Here is an AP Story. Here is CNN's account. And Howard Kurtz's. See 
Instapundit.

This is the statement Eason Jordan released tonight around 6:00 pm 
EST:

After 23 years at CNN, I have decided to resign in an effort to 
prevent CNN from being unfairly tarnished by the controversy over 
conflicting accounts of my recent remarks regarding the alarming 
number of journalists killed in Iraq.

I have devoted my professional life to helping make CNN the most 
trusted and respected news outlet in the world, and I would never do 
anything to compromise my work or that of the thousands of talented 
people it is my honor to work alongside.

While my CNN colleagues and my friends in the U.S. military know me 
well enough to know I have never stated, believed, or suspected that 
U.S. military forces intended to kill people they knew to be 
journalists, my comments on this subject in a World Economic Forum 
panel discussion were not as clear as they should have been.

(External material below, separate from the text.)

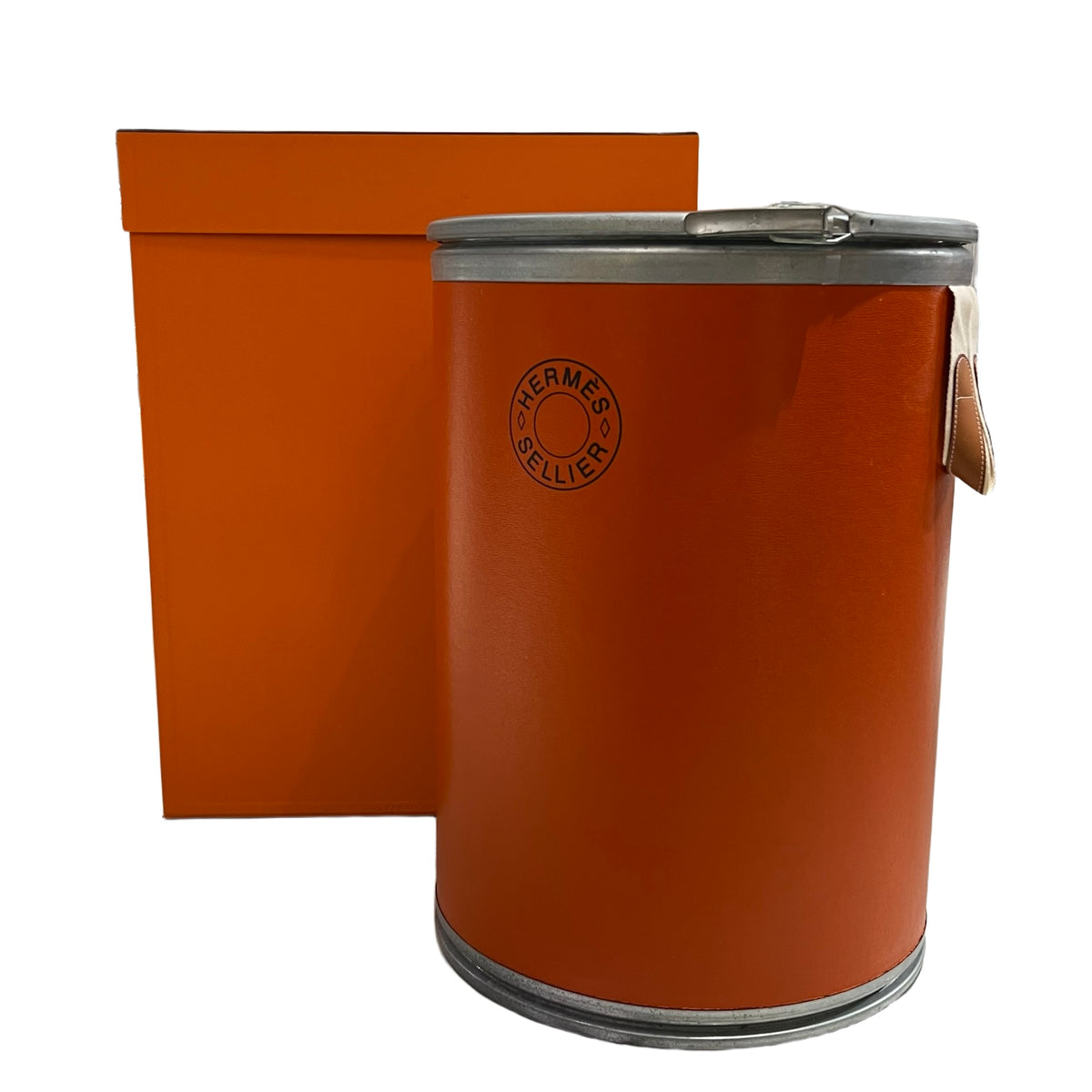 HERMES Solid Storage Bin Accessories Orange Silver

I never meant to imply U.S. forces acted with ill intent when U.S. 
forces accidentally killed journalists, and I apologize to anyone 
who thought I said or believed otherwise. I have great admiration 
and respect for the men and women of the U.S. armed forces, with 
whom I have worked closely and been embedded in Baghdad, Tikrit, and 
Mosul, in addition to my time with American soldiers, sailors, 
Marines, and airmen in Afghanistan, former Yugoslavia, Somalia, 
Kuwait, Bahrain, and the Arabian Gulf.

As for my colleagues at CNN, I am enormously proud to have worked 
with you, risking my life in the trenches with you, and making CNN 
great with you. For that experience, and for your friendship and 
support these many years, I thank you.

I told Howard Kurtz I was surprised and didn't know of any firing 
offense. Of course I haven't seen the tape.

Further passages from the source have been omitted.